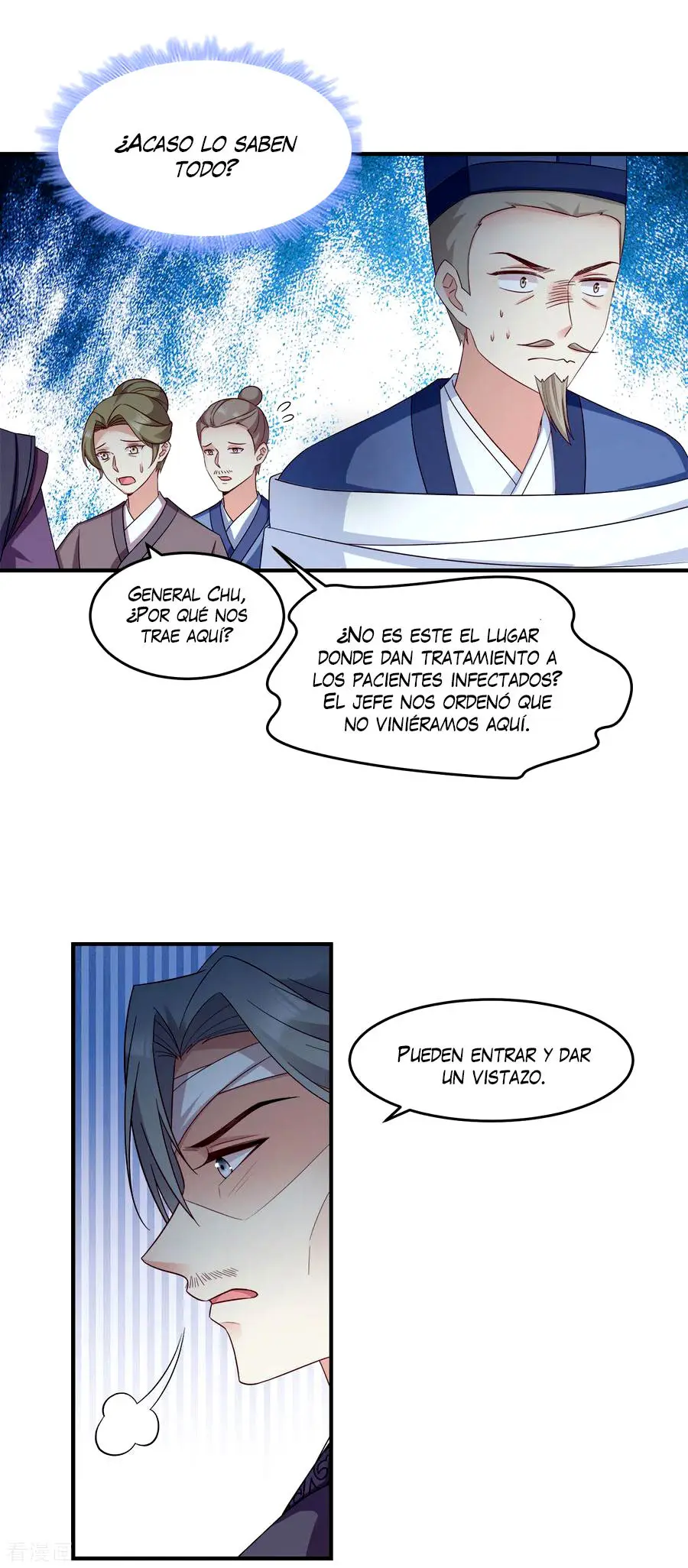 La Princesa que Lee la Mente - Capítulo 113 - Página 7 - LectorTMOo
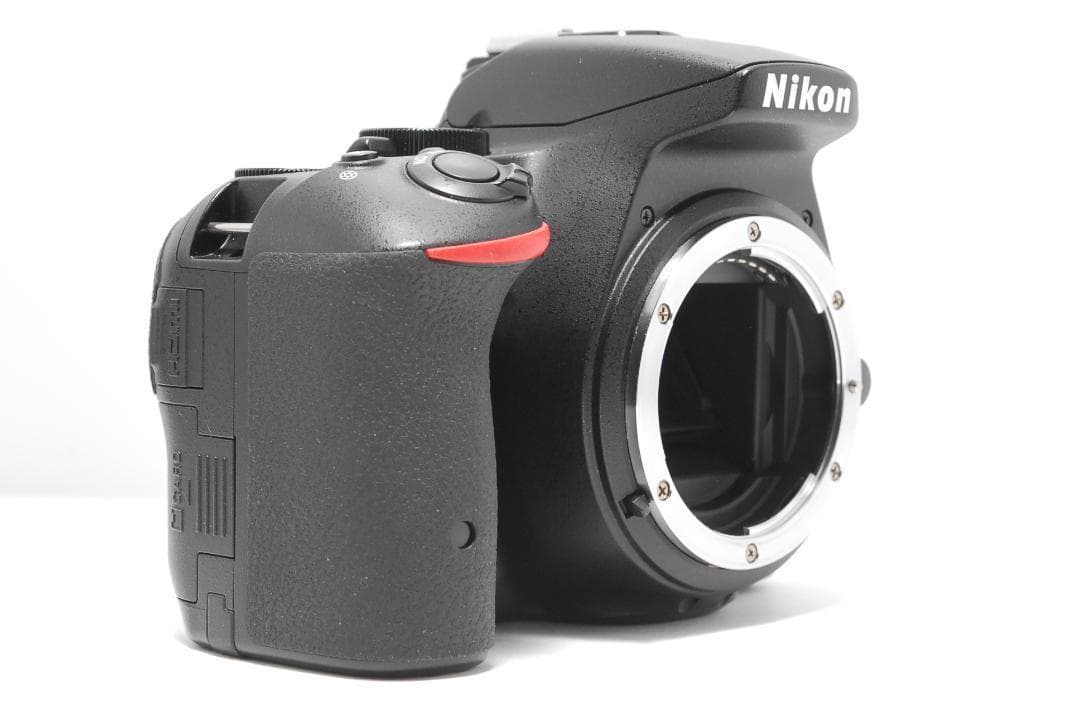 ❣Wi-Fi対応！Nikon D5500❣ダブルレンズ美品セットで快適転送❣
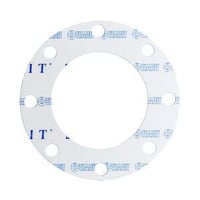 Thumbnail of Teadit 24SH 100% Expanded PTFE Full Face GasketTeadit 24SH Full Face Gasket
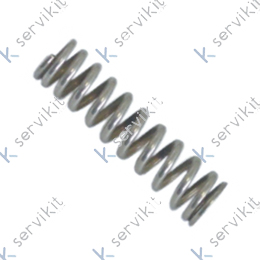 Muelle grifo vapor grande Bezzera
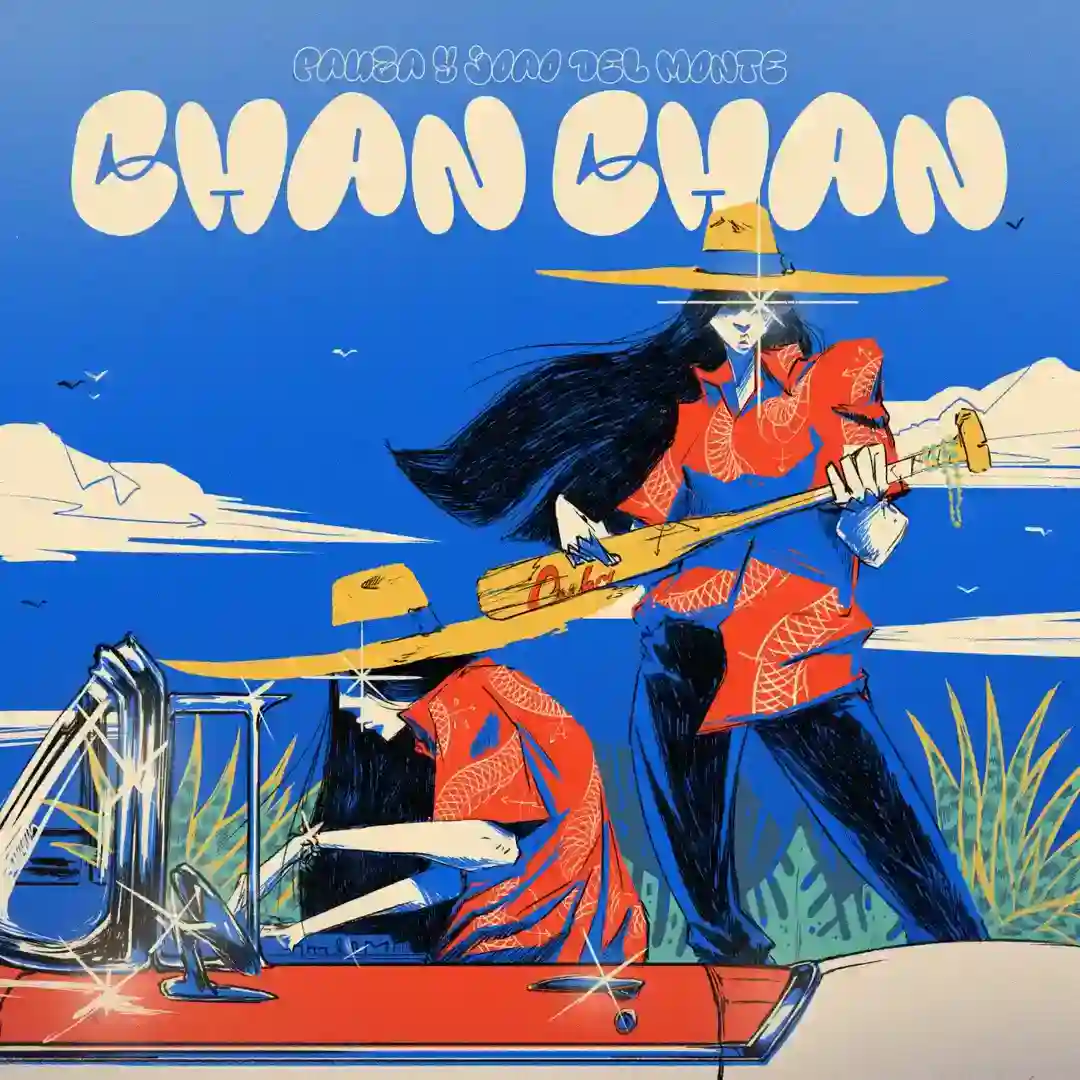 Chan Chan (Original Mix) cover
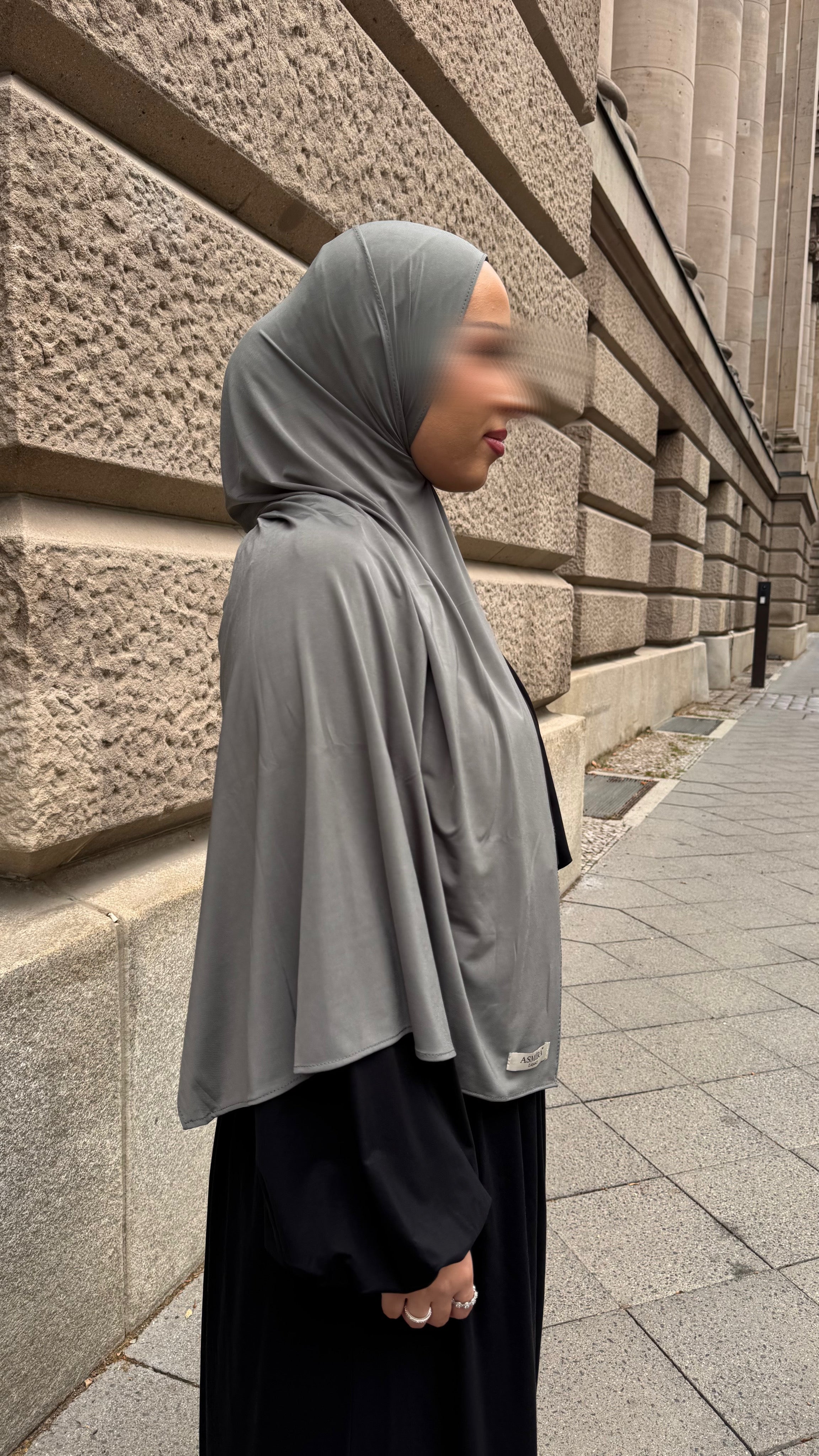 Liquid Hijab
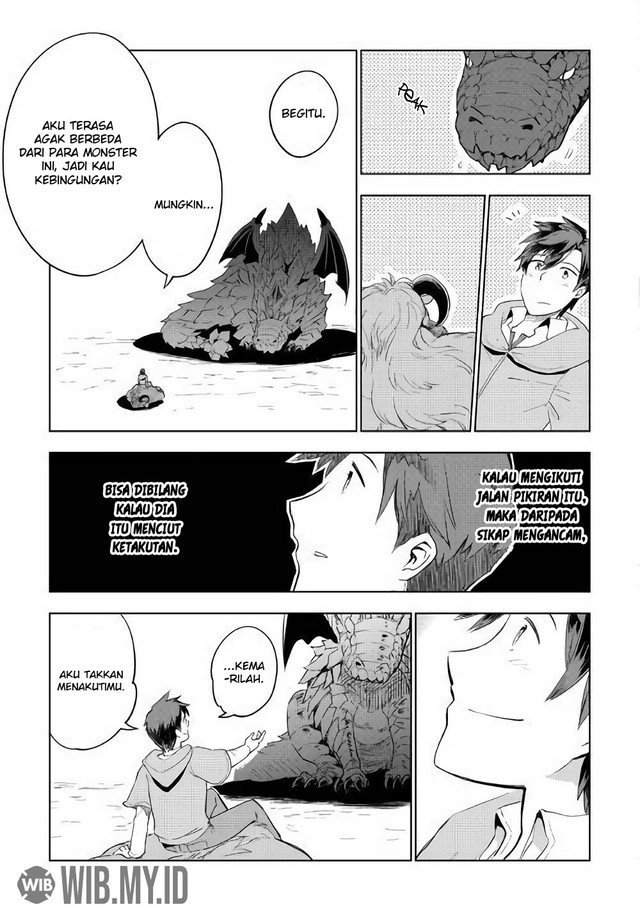 Jui-san no Oshigoto in Isekai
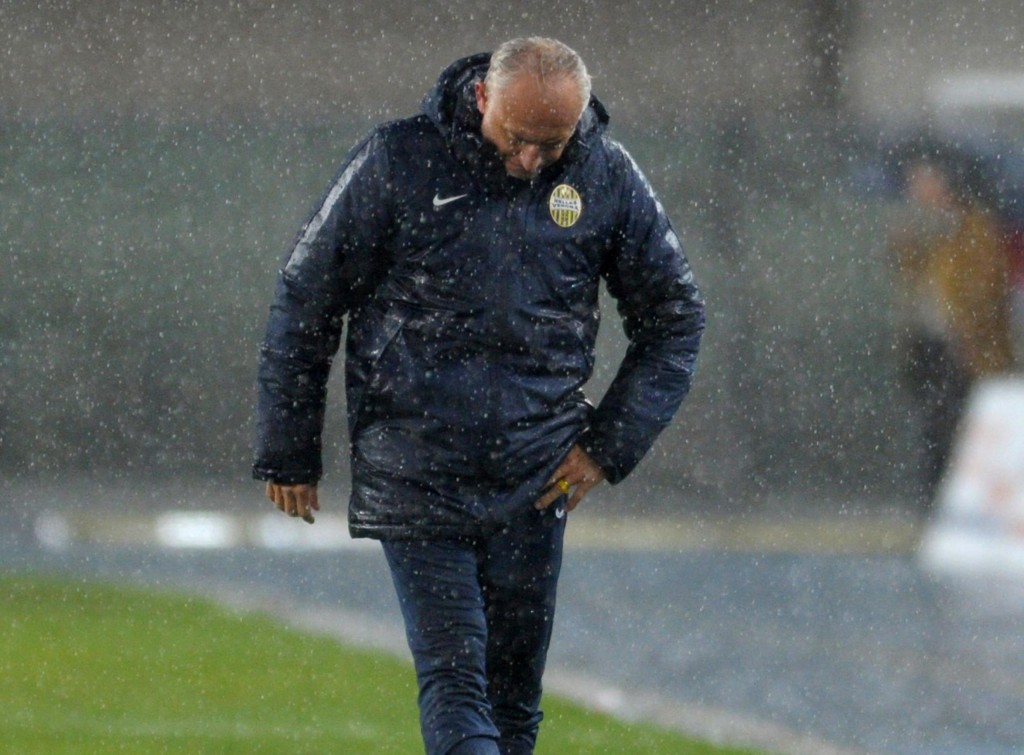mandorlini vr fiorentina Getty Images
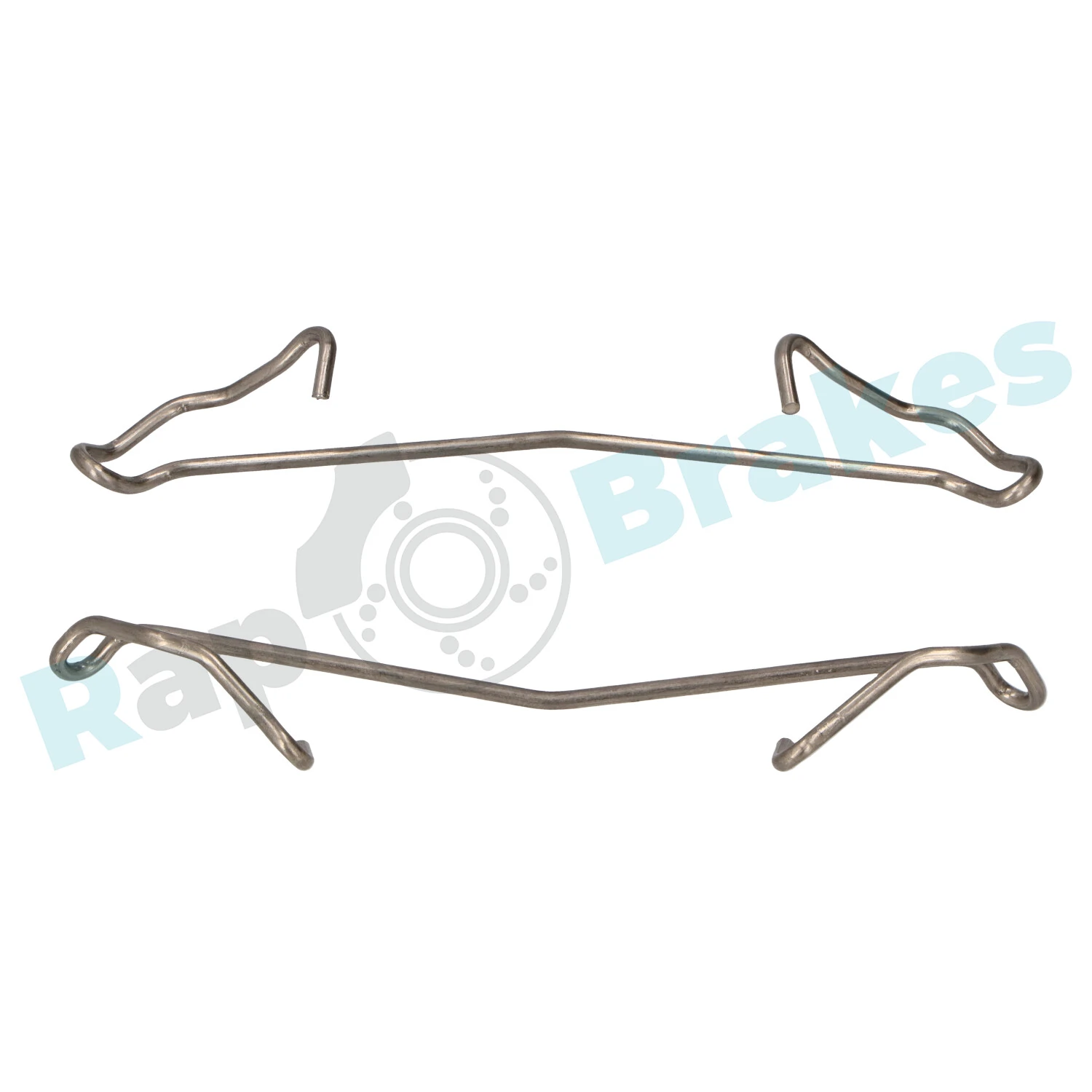 Accessory Kit, disc brake pad R-U0062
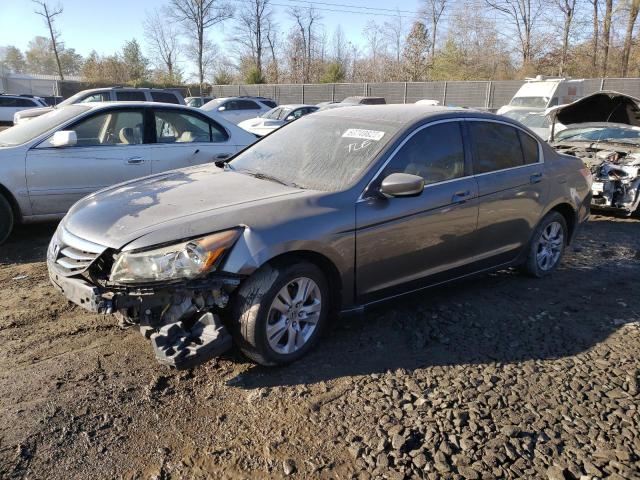 HONDA ACCORD LXP 2011 with VIN 1HGCP2F45BA017762 - Photo from auction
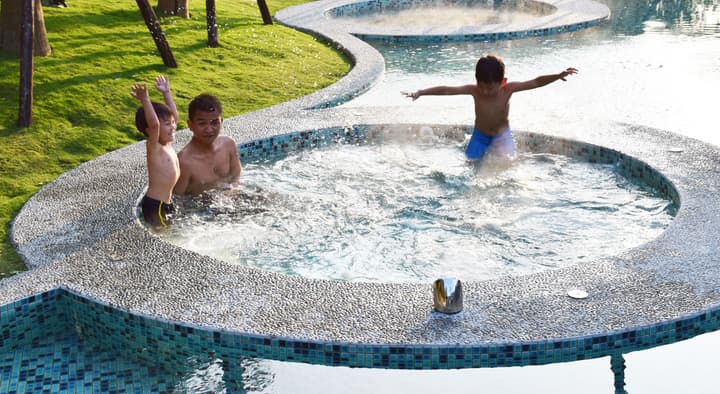 Sun Moon Lake Fuli Hot Spring Resort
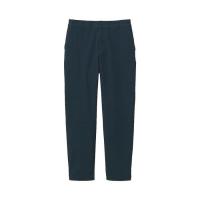 ราคา MUJI กางเกงผ้าชิโน่ ทรงกระบอกหลวม 4 WAY STRETCH CHINO EASY BOY FIT PANTS ANKLE LENGTH (21397766173)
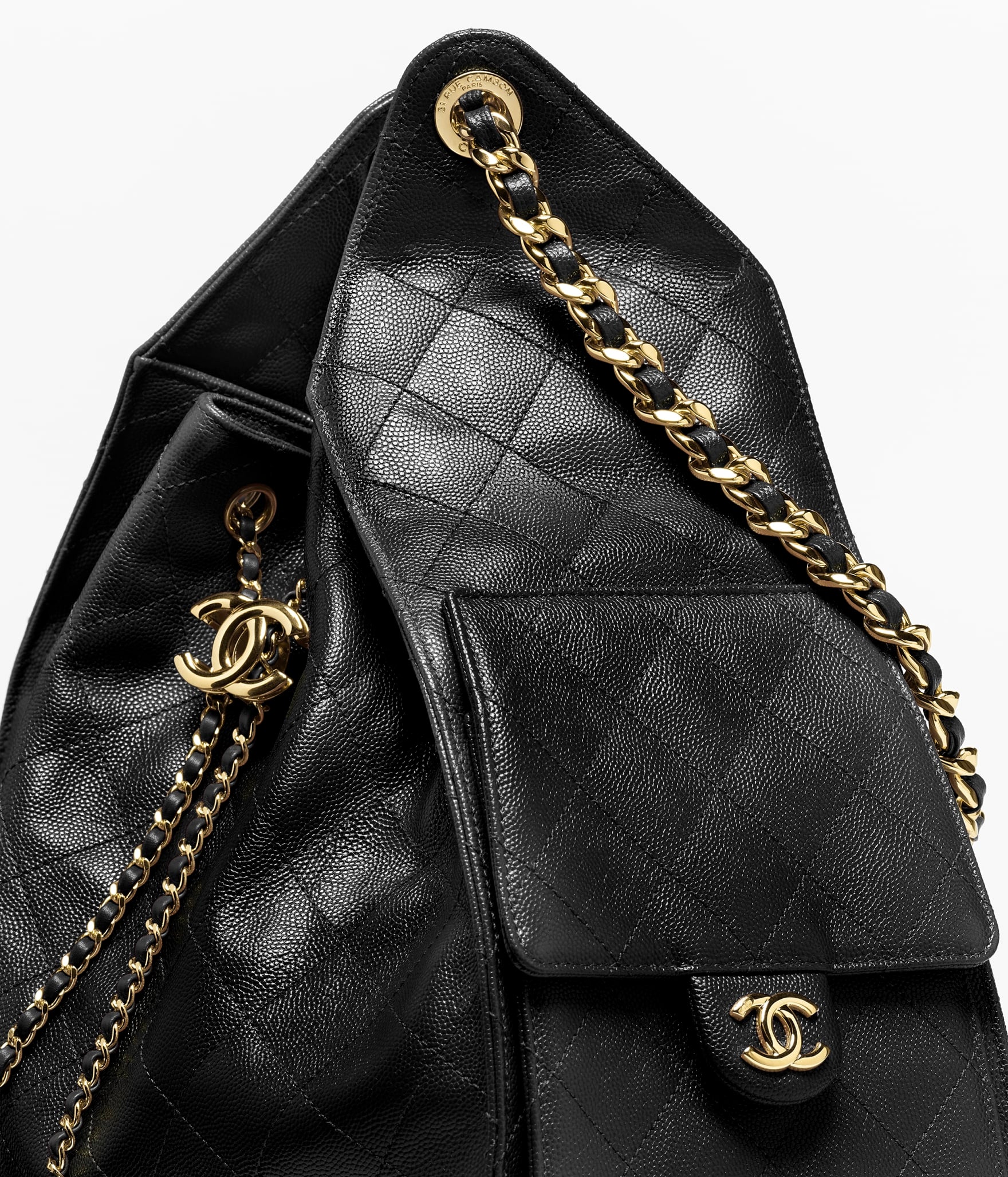 Chanel 25 Medium Bag

Cuero caviar acolchado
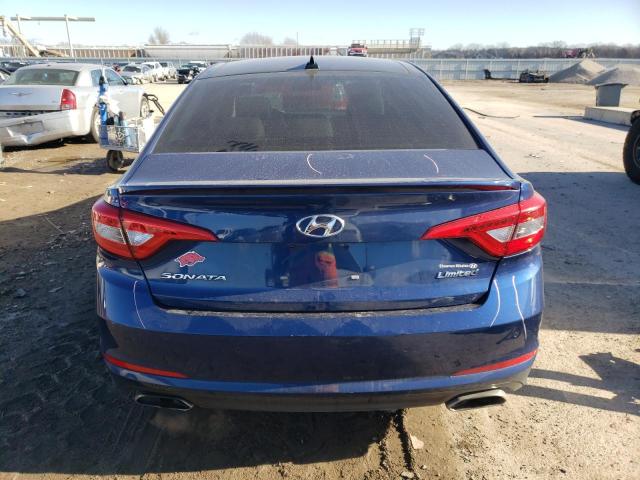 2015 HYUNDAI SONATA SPO - 5NPE34AF0FH242662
+===+
Please copy the lines above exactly as written, apart from any pictures.

 La Princesa que Lee la Mente - Capítulo 113 - Página 7 - LectorTMOo
 ❣Wi-Fi対応！Nikon D5500❣ダブルレンズ美品セットで快適転送❣
 Thumbnail of Teadit 24SH 100% Expanded PTFE Full Face GasketTeadit 24SH Full Face Gasket
 Muelle grifo vapor grande Bezzera
 Chan Chan (Original Mix) cover
 Liquid Hijab
 Jui-san no Oshigoto in Isekai
mandorlini vr fiorentina Getty Images
 Accessory Kit, disc brake pad R-U0062
 HONDA ACCORD LXP 2011 with VIN 1HGCP2F45BA017762 - Photo from auction
 Sun Moon Lake Fuli Hot Spring Resort
 ราคา MUJI กางเกงผ้าชิโน่ ทรงกระบอกหลวม 4 WAY STRETCH CHINO EASY BOY FIT PANTS ANKLE LENGTH (21397766173)
 Chanel 25 Medium Bag

Cuero caviar acolchado
 2015 HYUNDAI SONATA SPO - 5NPE34AF0FH242662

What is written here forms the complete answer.